This is mainly to show the issue on a reduced synthetic lit test and discuss the possible solution. I'm not convinced that the one I've included in the initial version of this patch is correct one (and even if it is, it can likely be refactored better).
The issue I'm trying to fix is similar to the one fixed in https://reviews.llvm.org/D4351
Without the patch, compiler breaks the antidependece on $esi with $ecx and generates clearly incorrect code for XOR:
$esi = XOR32rr undef $ecx, undef $ecx, implicit-def dead $eflags, implicit-def $rsi
I've attempted to follow the code's logic but wasn't able to figure out the invariant it tries to uphold.

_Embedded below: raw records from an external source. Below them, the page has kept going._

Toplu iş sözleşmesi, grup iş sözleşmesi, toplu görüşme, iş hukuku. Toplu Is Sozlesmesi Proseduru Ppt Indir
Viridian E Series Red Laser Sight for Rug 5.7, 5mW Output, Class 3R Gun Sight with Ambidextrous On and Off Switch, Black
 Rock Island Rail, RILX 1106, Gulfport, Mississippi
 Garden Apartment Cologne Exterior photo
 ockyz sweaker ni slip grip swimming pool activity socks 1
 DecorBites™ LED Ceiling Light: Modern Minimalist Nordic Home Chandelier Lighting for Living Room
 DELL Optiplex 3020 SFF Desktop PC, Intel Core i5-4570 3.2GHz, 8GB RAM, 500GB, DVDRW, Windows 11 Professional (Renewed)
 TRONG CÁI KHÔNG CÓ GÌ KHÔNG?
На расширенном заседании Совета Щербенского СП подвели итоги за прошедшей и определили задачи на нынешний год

The problems I've found (and as such, possible places to attempt the fix):
- Fix for PR20020 included the following comment:
If this reg is tied and live (Classes[Reg] is set to -1), we can't change
Yet, according to the doc above Classes:
/// For live regs that are only used in one register class in a /// live range, the register class. If the register is not live, the /// corresponding value is null. If the register is live but used in /// multiple register classes, the corresponding value is -1 casted to a /// pointer.
So should it just check against null? Is it enough?
- On x64 32-bit instructions are often (although inconsistently) annotated with implicit-def of the 64-bit reg alias.
It doesn't look like this pass handles implicit defs at all (sans, possibly, near MI.getDesc().getNumOperands()).
I don't think it's safe to assume that one can freely change implicit-def of the instruction, so perhaps adding all such encountered regs to KeepRegs could be a solution? But wouldn't that be too pessimistic given the mentioned behavior of x64 backend?
In the provided test the implicit-def $rsi in
$esi = XOR32rr undef $esi, undef $esi, implicit-def dead $eflags, implicit-def $rsi
causes the following issue:
in ScanInstruction it erases all ecx entries from RegRefs, because implicit-def is also isDef.
Then, only the uses are inserted into RegRefs in the following loop (due to isUse check).
This seems to violate isNewRegClobberedByRefs assumption stated in the comments:
//... We guard against the case in which // the two-address instruction also defines NewReg, as may happen with // pre/postincrement loads. In this case, both the use and def operands are in // RegRefs because the def is inserted by PrescanInstruction and not erased // during ScanInstruction.
Which leads to the "partial" $ecx replacement in the mir output.
Would it make sense to compute a bool HasTiedOperand variable in the first loop and skip the 2nd one if we didn't see any tied operands?